* [YOUR INSTRUCTIONS] Go to the line below containing "Hermès Kelly Messenger" and print exactly from there through the line containing "Used 2019 Ford", both included. Print nothing else.

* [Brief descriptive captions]

_ _ _ _ _

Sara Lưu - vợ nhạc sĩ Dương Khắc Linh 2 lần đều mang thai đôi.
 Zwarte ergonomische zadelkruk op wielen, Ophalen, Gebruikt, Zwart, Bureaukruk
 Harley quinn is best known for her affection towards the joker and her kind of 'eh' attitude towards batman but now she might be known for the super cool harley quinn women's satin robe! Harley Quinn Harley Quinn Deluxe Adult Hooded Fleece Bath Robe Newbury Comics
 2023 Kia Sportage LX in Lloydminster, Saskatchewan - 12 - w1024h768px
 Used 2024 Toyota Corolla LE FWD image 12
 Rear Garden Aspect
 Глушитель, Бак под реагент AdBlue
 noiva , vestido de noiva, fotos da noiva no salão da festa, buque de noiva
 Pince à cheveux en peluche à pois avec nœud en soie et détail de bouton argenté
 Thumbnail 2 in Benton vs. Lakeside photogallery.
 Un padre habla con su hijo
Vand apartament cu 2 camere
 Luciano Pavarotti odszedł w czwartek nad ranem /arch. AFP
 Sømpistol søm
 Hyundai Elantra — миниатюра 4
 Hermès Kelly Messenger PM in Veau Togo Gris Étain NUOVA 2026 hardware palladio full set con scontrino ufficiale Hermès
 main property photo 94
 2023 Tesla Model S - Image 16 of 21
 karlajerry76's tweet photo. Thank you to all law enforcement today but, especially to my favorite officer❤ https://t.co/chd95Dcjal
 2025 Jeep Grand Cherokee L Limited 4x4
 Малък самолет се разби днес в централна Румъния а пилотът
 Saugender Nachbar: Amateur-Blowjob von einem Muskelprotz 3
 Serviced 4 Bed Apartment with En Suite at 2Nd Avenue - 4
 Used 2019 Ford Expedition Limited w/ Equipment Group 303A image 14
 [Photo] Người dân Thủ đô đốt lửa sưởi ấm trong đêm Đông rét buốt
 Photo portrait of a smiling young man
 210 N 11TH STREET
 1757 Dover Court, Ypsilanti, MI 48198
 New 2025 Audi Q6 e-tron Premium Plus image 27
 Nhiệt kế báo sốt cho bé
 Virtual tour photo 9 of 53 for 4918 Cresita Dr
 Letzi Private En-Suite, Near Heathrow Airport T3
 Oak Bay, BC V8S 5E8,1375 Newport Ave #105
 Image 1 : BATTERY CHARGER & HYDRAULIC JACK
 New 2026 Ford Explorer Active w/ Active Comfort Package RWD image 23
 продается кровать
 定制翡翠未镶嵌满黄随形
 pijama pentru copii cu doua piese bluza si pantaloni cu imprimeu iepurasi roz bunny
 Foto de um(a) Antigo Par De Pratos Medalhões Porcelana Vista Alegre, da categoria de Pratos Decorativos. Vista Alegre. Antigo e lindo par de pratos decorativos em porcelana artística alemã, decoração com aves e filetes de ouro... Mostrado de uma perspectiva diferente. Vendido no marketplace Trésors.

_ _ _ _ _

* [OUTPUT FOR THIS TASK]
 Hermès Kelly Messenger PM in Veau Togo Gris Étain NUOVA 2026 hardware palladio full set con scontrino ufficiale Hermès
 main property photo 94
 2023 Tesla Model S - Image 16 of 21
 karlajerry76's tweet photo. Thank you to all law enforcement today but, especially to my favorite officer❤ https://t.co/chd95Dcjal
 2025 Jeep Grand Cherokee L Limited 4x4
 Малък самолет се разби днес в централна Румъния а пилотът
 Saugender Nachbar: Amateur-Blowjob von einem Muskelprotz 3
 Serviced 4 Bed Apartment with En Suite at 2Nd Avenue - 4
 Used 2019 Ford Expedition Limited w/ Equipment Group 303A image 14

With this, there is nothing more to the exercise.